Particle size measurement using dynamic light scattering (DLS) and Trapped Ion Mobility Spectrometry-Mass Spectrometry (TIMS-MS): Particle size characteristics were measured using a Malvern Zetasizer (Nano-ZS; ATA Scientific, Caringbah, Australia). The measurement SOP was based on protein analysis in a NaCl dispersant solution. Dispersant settings included the following: 45 °C, 0.891 cP viscosity and a refractive index of 1.33. Measurements were conducted in disposable low volume cuvettes (ZEN0040) with a 173° backscatter. Each sample was run twelve times, with a 10 s/run period. Attenuation was selected automatically, and data were acquired in multiple narrow modes (high-resolution). A reference standard was used to determine optimal settings showing a size range between 7.5 and 11.7 d.nm (typically ~10 d.nm [
17]) in IV solution.
To evaluate aggregation phases leading to particle formation (general charge state distribution), tislelizumab from each condition was buffer exchanged into 150 mM ammonium acetate for direct infusion into a timsTOF Flex MALDI-2 (Bruker; Billerica, MA, USA). Instrumental conditions were optimised from default mAb ESI-TIMS-MS methods including the following: spray voltage, 4.0 kV; capillary temperature, 150 °C; nebuliser gas pressure, 0.4 bar; drying gas flow, 5 L/min; TIMS voltage ramp settings, start 200 V, end 1800 V; TIMS accumulation time, 200 ms; m/z range, 900–8000; positive ion mode; TIMS separation, 0.8–1.5 V·s/cm2. Spectra were resolved by averaging in Data Analysis (Bruker).

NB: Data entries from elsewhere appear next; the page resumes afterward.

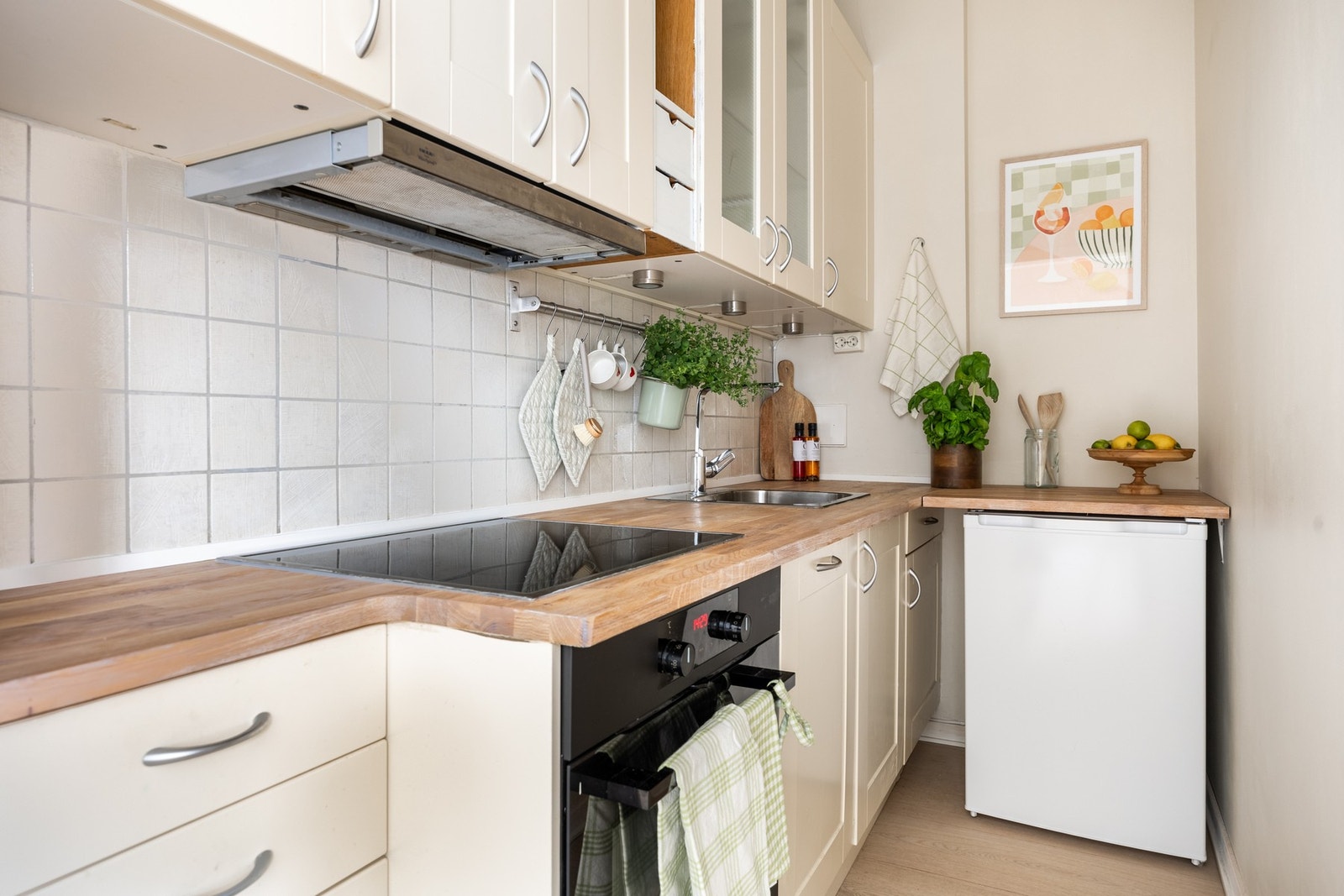 Praktisk separat kjøkken. Galleribilde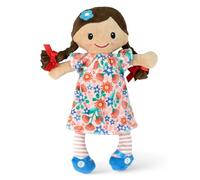 Tiger Tribe Poupée de chiffon lavable de 25,4 cm avec robe florale - Matilda - À partir de 0 ans - 11109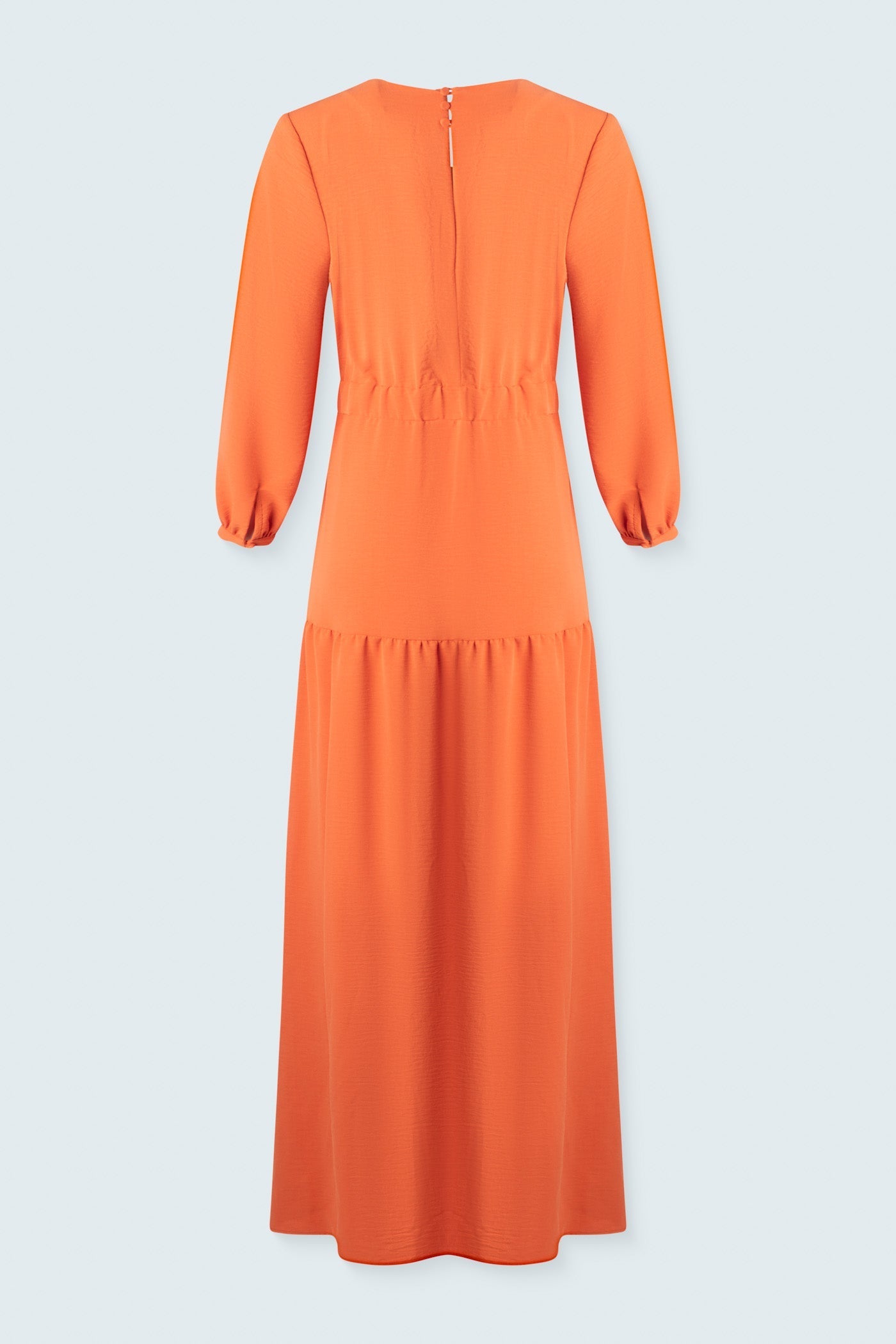 Long faux wrap dress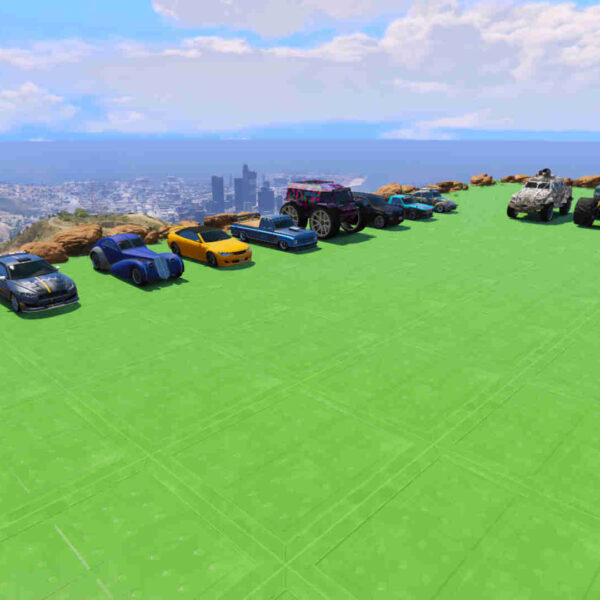 Cars vs Broken Road in GTA 5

Nano differential scanning fluorimetry (nanoDSF): Samples were taken at time 0 and 4 weeks during the stability period to measure changes in the unfolding properties of tislelizumab. Samples were loaded into Tycho NT.6 capillaries and run through a predefined gradient of 1 °C/min from 35 °C to 95 °C following the manufacturer’s recommendations for antibody characterisation.
Acceptance Criteria (
Table 1): Critical quality attributes (CQAs) were based on established regulatory guidance for biotechnological products, including ICH Q5C (Stability Testing of Biotechnological/Biological Products) and EMA/FDA expectations, which recommend evaluation against predefined limits for content, purity, and structural integrity. Specifically, ±10% for protein concentration, ≥95% monomer content, ≤2% aggregation, and ≤1% fragments are commonly applied thresholds in biopharmaceutical stability studies to ensure maintenance of product quality within clinically acceptable ranges.